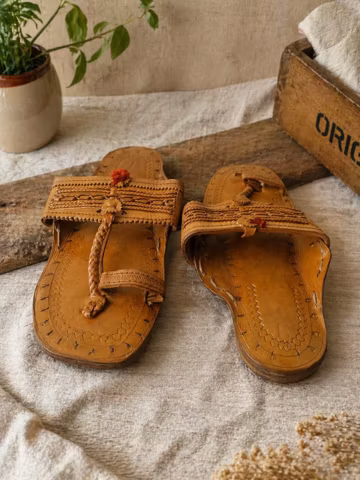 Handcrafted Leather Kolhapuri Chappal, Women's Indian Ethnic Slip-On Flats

* * *

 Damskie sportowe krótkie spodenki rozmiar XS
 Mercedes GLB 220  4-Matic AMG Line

---

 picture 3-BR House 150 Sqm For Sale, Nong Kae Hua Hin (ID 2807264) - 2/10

About this task: Could you return exactly the lines above from the line with "Damskie sportowe krótkie spodenki rozmiar XS" to the line with "Mercedes GLB 220", both included, and nothing else?

Completed exercise:
 Damskie sportowe krótkie spodenki rozmiar XS
 Mercedes GLB 220  4-Matic AMG Line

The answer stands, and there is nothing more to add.